If the weekly AF attacks were a monkey on my back, that last 3-1/2 week AF episode felt like a gorilla. Needless to say it got Melinda and I talking about what to do next. The groovy cartoonish AF brochure they gave me in the hospital described an "ablation" procedure that might offer some relief. This procedure involved inserting catheters through leg veins into the heart and then using RF or other energy to burn the offending areas inside the heart. The grand cure-all procedure described in the brochure was an AV node ablation along with implanting a pacemaker. Remember the AV node is kind of a key part of the heart's own electrical system so burning it into oblivion would explain the need for a pacemaker. I'm sorry but all the happy silly cartoon characters in the world are not going to make me ready for this extreme.

That initial (and incorrect) impression of AF ablation procedures has stuck with me. It wasn't until it seemed like all else had failed that we started researching more seriously. Thankfully their was far more accurate and hopeful information available. The now current standard for AF ablation focuses on isolating the pulmonary veins. It was discovered in 1998 that the majority of the stray electrical signals that trigger an AF episode originate in the pulmonary veins. This approach leaves the normal electrical system of the heart intact which, to me, is very desirable.

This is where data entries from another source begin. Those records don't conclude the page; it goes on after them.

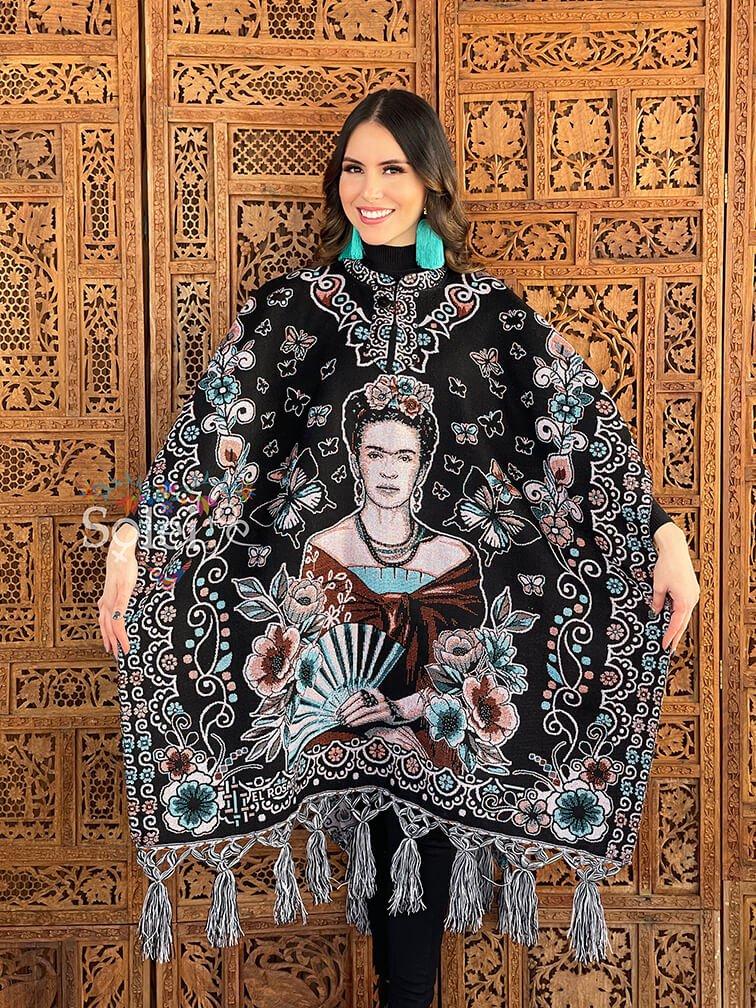 Mexican Artisanal Frida Kahlo Poncho. Gaban Frida Kahlo Fino. - Solei Store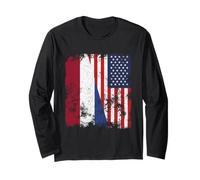 Drapeau américain des Pays-Bas Vieilli - Demi américain Manche Longue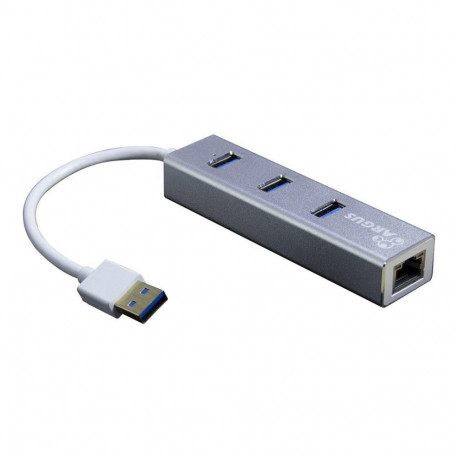 Inter-Tech USB3.0 jaotur Argus IT-310-S 3Port 1x RJ45 Gigabit LAN passiivne, hõbedane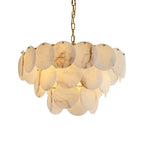 Alabaster Tusrsic Petal Cluster 3 Tier Chandelier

A Pulmonary Vein Isolation (PVI) is a more complicated procedure compared to other ablation procedures for simpler and more defined arrhythmias. Part of this is because the pulmonary veins are located in the left atrium. Feeding catheters up from the leg veins leads to the right atrium so a needle is used to make a small hole between the right and left atria in the wall (septum) separating the two chambers (called a trans-septal puncture). The goal is to ablate (burn) lines around each of the pulmonary veins (typically 4 of them) one dot at a time. There is not much room to work - the left atrium is about 2" in diameter and the pulmonary veins are about a half inch diameter. PVI procedures can last 3 to 4 hours or longer.

A lot of what I read mentioned that the outcome of a PVI is highly operator (doctor) dependent. I guess this is understandable based on the complexity involved. There seemed to be a handful of doctors that were at the forefront for successful ablations. One name, Dr. Andrea Natale, was at the top of the list for doctors in the U.S. He had been practicing at the Cleveland Clinic but, because of his success rate, the backlog to see him was 18+ months. I had already decided if I was ever ready for an ablation he would be the doctor I would want to do it but a year and a half is a long time to wait. To our surprise, the very day we decided to pursue an ablation, Dr. Natale announced that after leaving the Cleveland Clinic, he was now practicing in the San Francisco area. What an amazing coincidence.

Dr. Natale actually makes himself available via e-mail so I began e-mailing him about my case. He felt my chances for a cure from AF where quite high given my age and that my AF had not yet progressed to chronic or permanent AF. Because of his recent move to California, his backlog was now only 6 weeks! Melinda and I discussed this over the course of a weekend and decided this was my best chance to find relief from AF and hopefully be able to get rid of all the heart meds with all the wonderful side effects. I expect I will still need something for blood pressure but some people have also seen their BP drop after an ablation.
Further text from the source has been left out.